Dear Sangha Members,

Nine years ago Ryushin and I hosted our first meeting of Winding Path Tendai Sangha (then known as Nagado Sangha) in the basement room at Christ Church Cathedral on Chestnut Street. We hosted a few evening meditations in February that weren’t attended by anyone other than the two of us, so we consider our official anniversary to be the beginning of March when we first had other people attend. We’ve had some sangha members who have stuck with us since the very beginning and others who have come and gone through the years, some attending for just a few evenings and others who contributed to the community for several years before moving on.

I always like to pause in March to reflect on the importance of sangha. This year, I’m also thinking about the importance of recognizing our place as part of a larger fabric of humanity. 

This month we’ll have two Monday discussions focused on different aspects of interbeing. The talk about Hogo and lineage will look at the value of recognizing ourselves as part of a continuation of teachings that have been passed down for more than 2000 years. The talk about Homer B. Hulbert will take a wider view and ask us to consider the interconnectedness between ourselves and people we’ve never met and at the energy that resides in sacred spaces. 

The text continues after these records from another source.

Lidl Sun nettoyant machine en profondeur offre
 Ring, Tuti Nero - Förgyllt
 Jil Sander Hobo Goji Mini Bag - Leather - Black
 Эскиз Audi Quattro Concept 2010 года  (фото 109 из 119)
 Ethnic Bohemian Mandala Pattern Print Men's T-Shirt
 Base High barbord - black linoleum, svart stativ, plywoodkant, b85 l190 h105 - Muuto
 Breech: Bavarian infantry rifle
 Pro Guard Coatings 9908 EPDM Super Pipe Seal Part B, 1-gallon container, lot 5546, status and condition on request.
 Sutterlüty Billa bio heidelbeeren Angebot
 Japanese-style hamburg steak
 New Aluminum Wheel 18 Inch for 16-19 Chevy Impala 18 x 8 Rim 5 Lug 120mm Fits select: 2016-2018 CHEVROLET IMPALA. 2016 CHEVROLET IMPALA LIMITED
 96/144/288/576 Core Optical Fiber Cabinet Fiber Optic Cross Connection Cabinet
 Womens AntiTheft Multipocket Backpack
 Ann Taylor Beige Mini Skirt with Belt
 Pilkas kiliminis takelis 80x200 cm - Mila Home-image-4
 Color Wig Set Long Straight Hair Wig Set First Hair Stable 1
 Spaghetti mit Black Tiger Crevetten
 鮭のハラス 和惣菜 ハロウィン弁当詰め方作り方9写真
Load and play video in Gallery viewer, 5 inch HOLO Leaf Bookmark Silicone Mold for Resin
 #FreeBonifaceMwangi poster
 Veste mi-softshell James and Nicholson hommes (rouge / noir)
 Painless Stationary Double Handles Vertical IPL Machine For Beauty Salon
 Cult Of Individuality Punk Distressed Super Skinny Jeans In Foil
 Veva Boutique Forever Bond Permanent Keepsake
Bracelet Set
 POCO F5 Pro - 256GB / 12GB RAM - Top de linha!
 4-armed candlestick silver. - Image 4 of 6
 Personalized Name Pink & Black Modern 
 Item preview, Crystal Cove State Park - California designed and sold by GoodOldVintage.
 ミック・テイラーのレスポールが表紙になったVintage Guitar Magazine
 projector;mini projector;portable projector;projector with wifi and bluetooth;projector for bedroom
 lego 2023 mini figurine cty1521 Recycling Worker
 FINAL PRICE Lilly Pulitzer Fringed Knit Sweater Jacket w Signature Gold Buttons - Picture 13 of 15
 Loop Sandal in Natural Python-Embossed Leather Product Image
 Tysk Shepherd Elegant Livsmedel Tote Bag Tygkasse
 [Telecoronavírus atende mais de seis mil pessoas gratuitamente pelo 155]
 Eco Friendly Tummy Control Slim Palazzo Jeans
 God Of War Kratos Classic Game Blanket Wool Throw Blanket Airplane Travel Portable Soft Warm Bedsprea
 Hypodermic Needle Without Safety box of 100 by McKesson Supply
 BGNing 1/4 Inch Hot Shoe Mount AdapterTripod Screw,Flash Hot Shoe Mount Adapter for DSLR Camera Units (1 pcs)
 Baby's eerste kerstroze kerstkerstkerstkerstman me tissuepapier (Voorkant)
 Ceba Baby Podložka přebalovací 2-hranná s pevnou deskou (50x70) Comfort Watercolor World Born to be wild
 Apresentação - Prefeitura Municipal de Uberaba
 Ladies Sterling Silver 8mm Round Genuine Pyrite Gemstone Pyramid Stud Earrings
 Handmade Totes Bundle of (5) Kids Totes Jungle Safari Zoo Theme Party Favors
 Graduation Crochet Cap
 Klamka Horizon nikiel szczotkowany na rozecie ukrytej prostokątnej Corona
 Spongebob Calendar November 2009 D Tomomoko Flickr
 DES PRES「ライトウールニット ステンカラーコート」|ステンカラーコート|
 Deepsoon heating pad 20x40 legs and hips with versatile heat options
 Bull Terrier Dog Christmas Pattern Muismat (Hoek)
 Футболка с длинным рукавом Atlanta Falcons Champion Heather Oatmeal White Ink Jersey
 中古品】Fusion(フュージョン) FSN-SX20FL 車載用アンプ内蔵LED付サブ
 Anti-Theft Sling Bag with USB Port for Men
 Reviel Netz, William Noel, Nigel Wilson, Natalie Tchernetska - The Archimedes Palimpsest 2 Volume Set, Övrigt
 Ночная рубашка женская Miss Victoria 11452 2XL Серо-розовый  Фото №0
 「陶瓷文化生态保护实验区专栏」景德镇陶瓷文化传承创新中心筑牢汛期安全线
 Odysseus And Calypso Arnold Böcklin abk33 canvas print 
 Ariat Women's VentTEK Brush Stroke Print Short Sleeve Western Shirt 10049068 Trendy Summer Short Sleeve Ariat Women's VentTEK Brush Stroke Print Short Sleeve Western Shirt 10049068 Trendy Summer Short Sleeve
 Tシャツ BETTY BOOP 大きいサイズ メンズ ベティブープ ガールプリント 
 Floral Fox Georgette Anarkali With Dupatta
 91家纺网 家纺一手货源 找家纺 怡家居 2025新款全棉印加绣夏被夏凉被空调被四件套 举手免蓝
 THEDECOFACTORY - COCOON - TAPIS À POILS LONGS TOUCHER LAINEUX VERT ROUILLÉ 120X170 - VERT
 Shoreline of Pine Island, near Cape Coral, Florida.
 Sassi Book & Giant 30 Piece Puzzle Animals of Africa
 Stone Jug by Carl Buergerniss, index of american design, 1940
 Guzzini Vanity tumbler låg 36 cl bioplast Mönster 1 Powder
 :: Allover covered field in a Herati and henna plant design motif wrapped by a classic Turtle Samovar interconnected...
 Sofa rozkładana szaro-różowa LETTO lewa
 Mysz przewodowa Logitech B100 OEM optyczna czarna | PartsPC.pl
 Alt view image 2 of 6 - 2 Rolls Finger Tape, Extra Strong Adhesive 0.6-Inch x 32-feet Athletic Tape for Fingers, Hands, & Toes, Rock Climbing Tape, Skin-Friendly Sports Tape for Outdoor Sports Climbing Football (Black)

When we think about interbeing or dependent co-arising, it is often easiest to perceive how we are impacted by people with whom we have the most immediate or tangible relationships. We can recognize how our actions and sense of self are shaped by family, friends, and sangha members. It often takes more effort or intentionality to recognize how we are also shaped by conditions that we may have no present awareness of. Yet, in a very real way our experience in this moment is shaped by conditions from multiple other lifetimes. I don’t attribute it to mere coincidence that our sangha has ended up in a space built by a man who was a missionary and who spent a great deal of his life in Korea and advocating for Korean independence from Japan. Even though I cannot fully understand the relationship between Dr. Hulbert’s life and actions and my own, I can see them linked by a stream of connected thoughts and actions.

In the same way, the Winding Path Sangha that exists right now is not just made up of the people who are physically in the room with us on any given Monday evening or Saturday morning. The sangha continues to be shaped by the karma generated by everyone who has sat with us over the last nine years. Each time you show up to practice, you are generating energy that will drive the sangha forward and support yourself and others to continue practicing in the future.

Thank you to each of you for all you have contributed to sangha over the past several weeks, months, and years.